Complete Guide to Building an AI Summarizer with Python

AI Summarizers are powerful tools that make content concise and impactful. They leverage the latest NLP algorithms and Python language to function accurately and precisely.

However, developing such a tool on your own can be a very difficult task. Firstly, you'll need the proper knowledge of the libraries required and, secondly, how to execute the code.

Thankfully, you've landed on the right article to learn the entire process of developing an AI summarizer model with Python. We will try to cover each aspect in detail so you don't have to worry about anything. Let's get started.


Understanding Text Summarization

Understanding Text Summarization

Mainly, there are two types of text summarization techniques, abstractive and extractive. In extractive summarization, you pick only a few sentences verbatim from the original passage and present a boiled-down version.

The revised version still contains the same meaning as the source but with way fewer words and redundancy.

However, abstractive summarization works completely differently. It requires one to understand the context of the original work and make the summary in own words. This is normally how humans write summaries.

The text summarizer that we'll develop today will provide abstract summaries. It is because we'll use Natural Language Processing (NLP) algorithms at the backend that provide human touch to the outputs.


Setting up the Environment

Setting up the Environment

To begin the procedure, you'll need to set up a virtual environment. This is necessary to keep all files in the project isolated from global ones and avoid any potential data leaks, etc.

Start by opening the command prompt with administrative privileges. Then, change the directory to where you'll save the project files and put in the following lines of code.

python -m venv text_summarization text_summarization\Scripts\activate

Pressing enter after each will construct your virtual environment ready for the project. Now, install a suitable IDE like Atom, Spyder, Visual Studio, etc., to access the created text_summarization environment.


Installing Libraries

Installing Libraries

After you're done with setting up the basics, it's time to download and install the required libraries.

For developing an AI summarizer model you need to input the following line in your command prompt.

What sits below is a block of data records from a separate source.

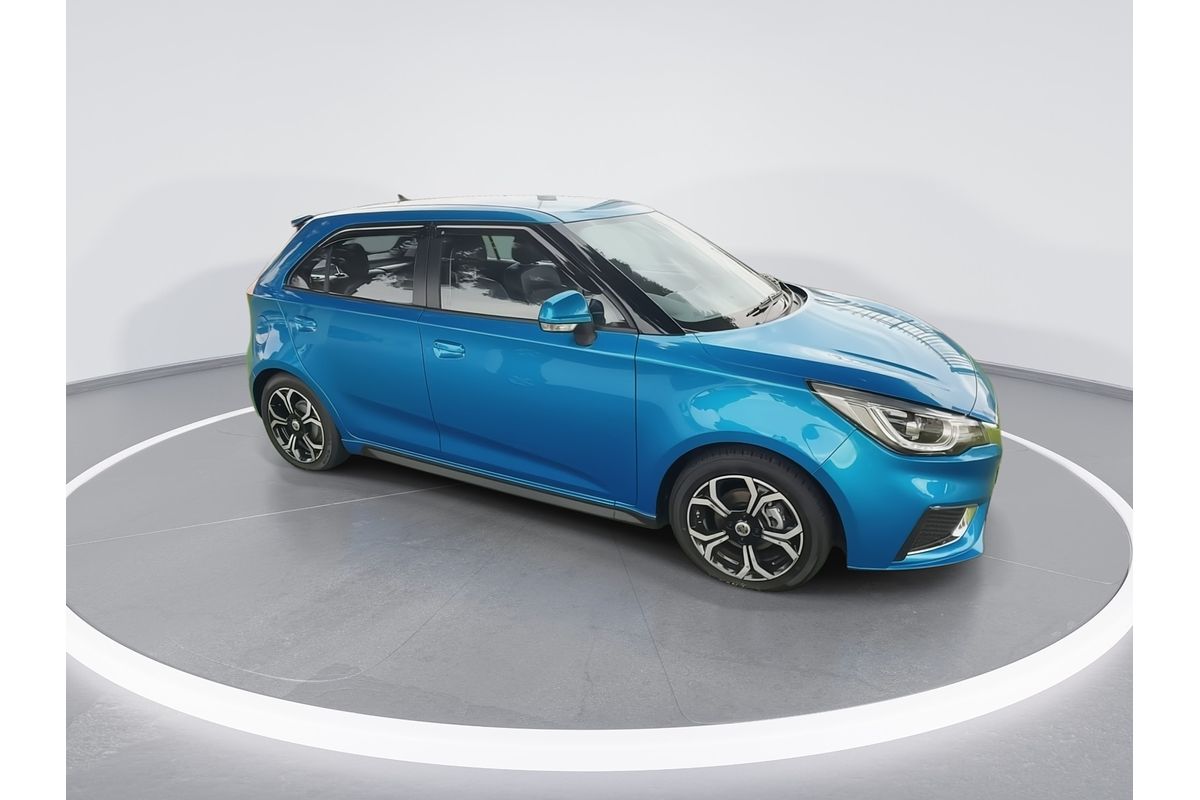 2022 MG MG3 Excite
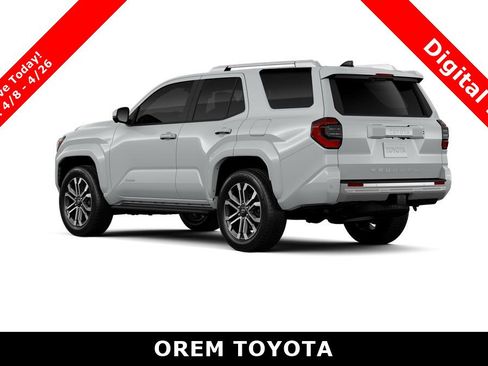 New 2026 Toyota 4Runner Limited image 6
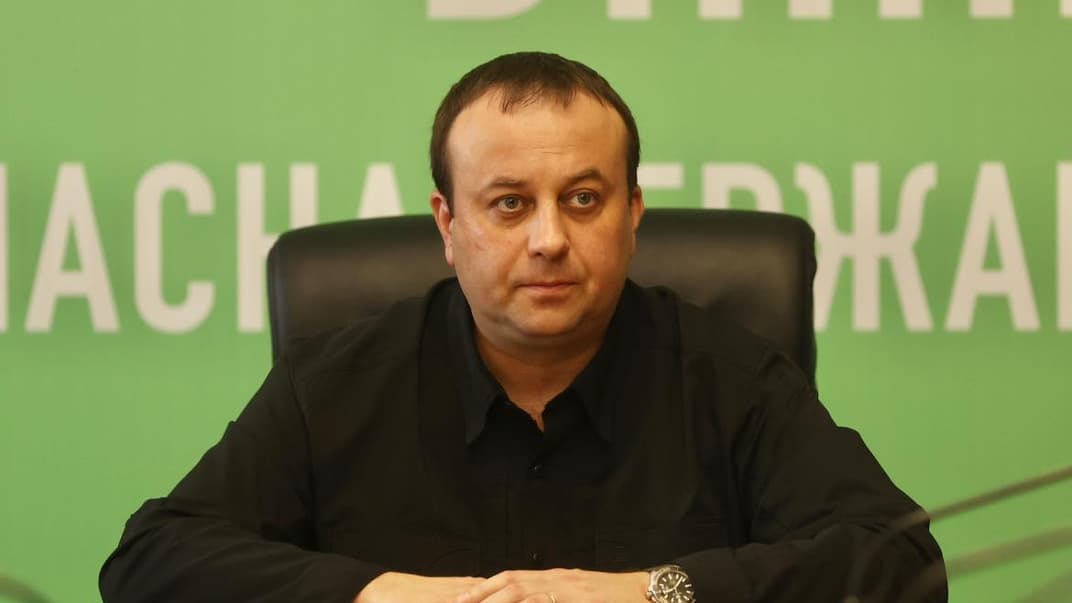 Колишній керівник Вінницької ОВА Сергій Борзов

pip install pandas transformers torch sentencepiece

This single command will install all the required libraries onto your PC or laptop. The reason why we're using these libraries is another discussion and can be covered in a separate post later.


Importing Libraries

Importing Libraries

Moving on, you need to hop on to your IDE and import the required libraries in the workspace by using the following code.

import pandas as pd

from transformers import T5ForConditionalGeneration, T5Tokenizer

import torch

from torch.utils.data import Dataset, DataLoader

from transformers import AdamW

The Pandas library will be used to handle dataset inputs.

The HuggingFace's T5 pre-trained transformer will help us quickly get accurate summarization results.

These lines of code will ensure that all your tools are ready at your disposal. So, we don't face any bugs/errors later on in the execution phase.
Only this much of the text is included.